DATA SHOWN:
* * * * * * *
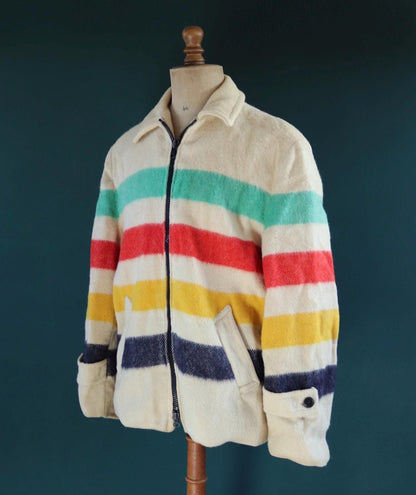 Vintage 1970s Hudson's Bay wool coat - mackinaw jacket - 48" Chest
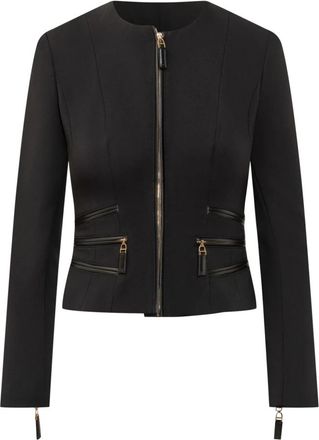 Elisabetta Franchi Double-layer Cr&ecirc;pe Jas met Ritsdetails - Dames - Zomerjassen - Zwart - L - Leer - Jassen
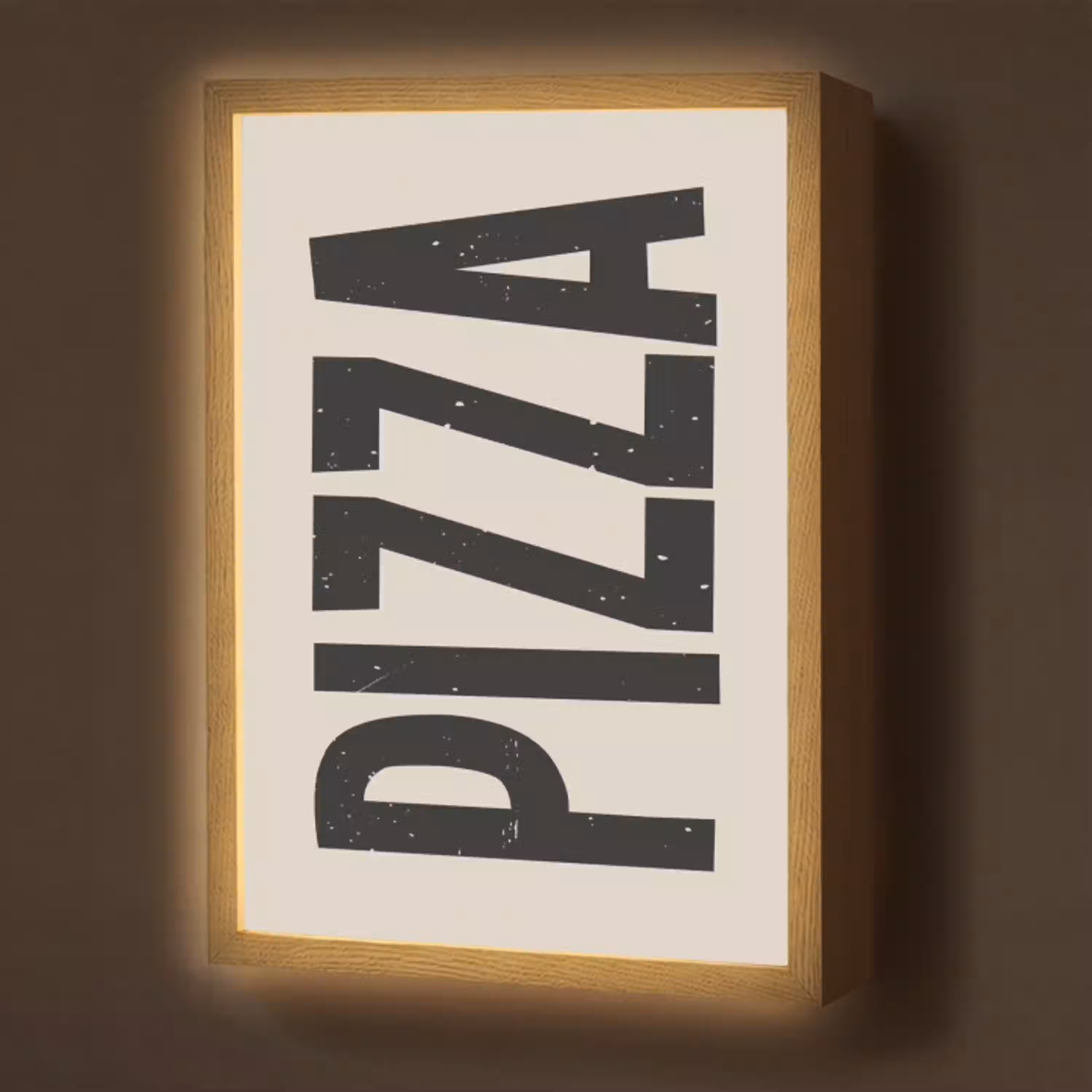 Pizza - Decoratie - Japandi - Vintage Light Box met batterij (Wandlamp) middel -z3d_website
* * * * * * *
TRY IT: Output the data above exactly. Drop every picture.

WRITTEN SOLUTION:
 Vintage 1970s Hudson's Bay wool coat - mackinaw jacket - 48" Chest
 Elisabetta Franchi Double-layer Cr&ecirc;pe Jas met Ritsdetails - Dames - Zomerjassen - Zwart - L - Leer - Jassen
 Pizza - Decoratie - Japandi - Vintage Light Box met batterij (Wandlamp) middel -z3d_website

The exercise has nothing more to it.